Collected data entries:

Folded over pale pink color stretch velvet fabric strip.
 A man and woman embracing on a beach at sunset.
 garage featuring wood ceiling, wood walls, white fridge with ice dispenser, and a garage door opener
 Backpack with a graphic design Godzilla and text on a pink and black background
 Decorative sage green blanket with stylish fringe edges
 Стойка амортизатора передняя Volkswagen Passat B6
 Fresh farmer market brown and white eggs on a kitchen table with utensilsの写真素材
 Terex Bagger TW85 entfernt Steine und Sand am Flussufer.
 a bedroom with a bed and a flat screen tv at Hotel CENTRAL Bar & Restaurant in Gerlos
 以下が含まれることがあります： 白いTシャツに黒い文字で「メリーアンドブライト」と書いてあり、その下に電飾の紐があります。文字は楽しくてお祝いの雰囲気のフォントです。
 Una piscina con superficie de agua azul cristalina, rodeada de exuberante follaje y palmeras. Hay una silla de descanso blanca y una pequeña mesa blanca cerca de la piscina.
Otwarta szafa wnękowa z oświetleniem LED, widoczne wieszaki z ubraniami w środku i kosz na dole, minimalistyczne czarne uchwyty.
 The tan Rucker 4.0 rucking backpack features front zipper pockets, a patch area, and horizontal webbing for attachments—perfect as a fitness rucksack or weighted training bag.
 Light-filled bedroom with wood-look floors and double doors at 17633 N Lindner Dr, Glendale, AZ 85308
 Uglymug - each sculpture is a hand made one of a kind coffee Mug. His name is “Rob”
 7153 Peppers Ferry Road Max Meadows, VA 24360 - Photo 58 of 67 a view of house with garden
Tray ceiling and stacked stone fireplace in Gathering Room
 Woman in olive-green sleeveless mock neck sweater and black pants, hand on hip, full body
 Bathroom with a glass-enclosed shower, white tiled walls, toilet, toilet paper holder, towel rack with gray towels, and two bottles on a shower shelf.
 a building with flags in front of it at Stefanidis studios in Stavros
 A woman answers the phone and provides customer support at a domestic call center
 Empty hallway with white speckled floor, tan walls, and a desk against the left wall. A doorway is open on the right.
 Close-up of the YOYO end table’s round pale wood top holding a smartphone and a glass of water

Problem: Here the output must be the lines above from the line with "garage featuring wood" to the line with "Tray ceiling and", both included, duplicated word for word and nothing else.

Response area:
 garage featuring wood ceiling, wood walls, white fridge with ice dispenser, and a garage door opener
 Backpack with a graphic design Godzilla and text on a pink and black background
 Decorative sage green blanket with stylish fringe edges
 Стойка амортизатора передняя Volkswagen Passat B6
 Fresh farmer market brown and white eggs on a kitchen table with utensilsの写真素材
 Terex Bagger TW85 entfernt Steine und Sand am Flussufer.
 a bedroom with a bed and a flat screen tv at Hotel CENTRAL Bar & Restaurant in Gerlos
 以下が含まれることがあります： 白いTシャツに黒い文字で「メリーアンドブライト」と書いてあり、その下に電飾の紐があります。文字は楽しくてお祝いの雰囲気のフォントです。
 Una piscina con superficie de agua azul cristalina, rodeada de exuberante follaje y palmeras. Hay una silla de descanso blanca y una pequeña mesa blanca cerca de la piscina.
Otwarta szafa wnękowa z oświetleniem LED, widoczne wieszaki z ubraniami w środku i kosz na dole, minimalistyczne czarne uchwyty.
 The tan Rucker 4.0 rucking backpack features front zipper pockets, a patch area, and horizontal webbing for attachments—perfect as a fitness rucksack or weighted training bag.
 Light-filled bedroom with wood-look floors and double doors at 17633 N Lindner Dr, Glendale, AZ 85308
 Uglymug - each sculpture is a hand made one of a kind coffee Mug. His name is “Rob”
 7153 Peppers Ferry Road Max Meadows, VA 24360 - Photo 58 of 67 a view of house with garden
Tray ceiling and stacked stone fireplace in Gathering Room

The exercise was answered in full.